* RECORDS TO PROCESS:
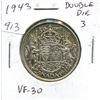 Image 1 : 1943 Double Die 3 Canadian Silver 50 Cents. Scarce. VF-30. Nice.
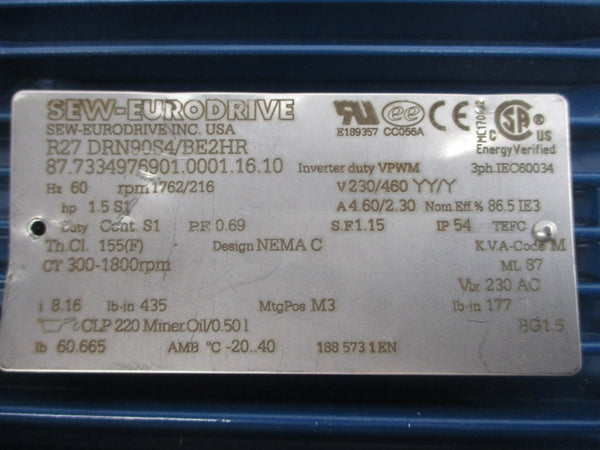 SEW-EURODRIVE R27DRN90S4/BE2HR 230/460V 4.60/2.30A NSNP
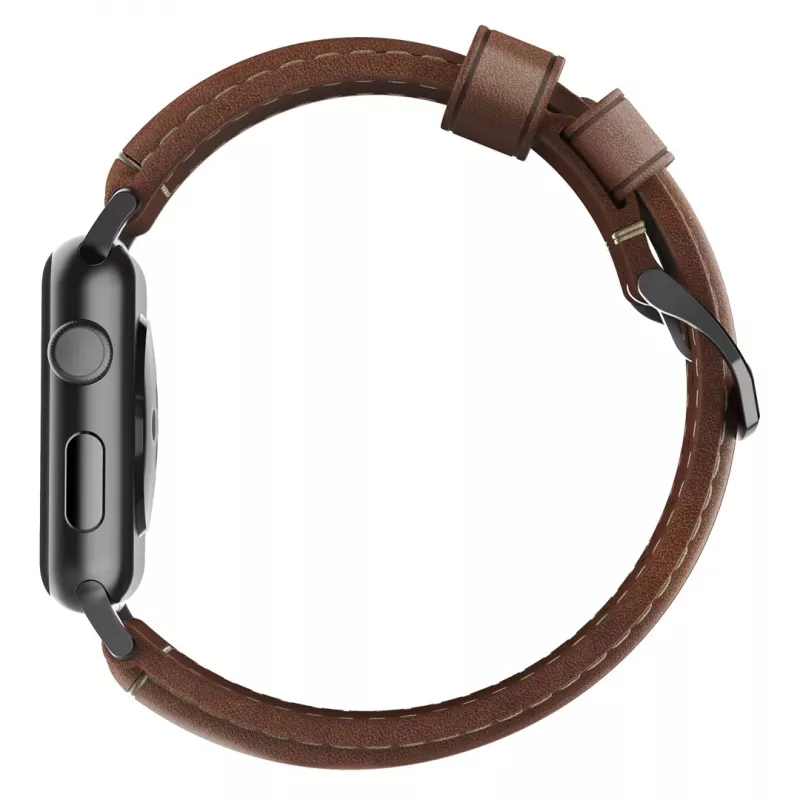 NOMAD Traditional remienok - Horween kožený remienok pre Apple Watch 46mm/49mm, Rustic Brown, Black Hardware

--

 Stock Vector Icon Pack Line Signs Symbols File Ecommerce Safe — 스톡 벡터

* WHAT YOU WILL DO:
Starting at the line containing "Image 1 : 1943" and stopping at the line containing "NOMAD Traditional remienok", output each line exactly as it appears above. Leave out the pictures.

* RESPONSE TO THE TASK:
 Image 1 : 1943 Double Die 3 Canadian Silver 50 Cents. Scarce. VF-30. Nice.
 SEW-EURODRIVE R27DRN90S4/BE2HR 230/460V 4.60/2.30A NSNP
 NOMAD Traditional remienok - Horween kožený remienok pre Apple Watch 46mm/49mm, Rustic Brown, Black Hardware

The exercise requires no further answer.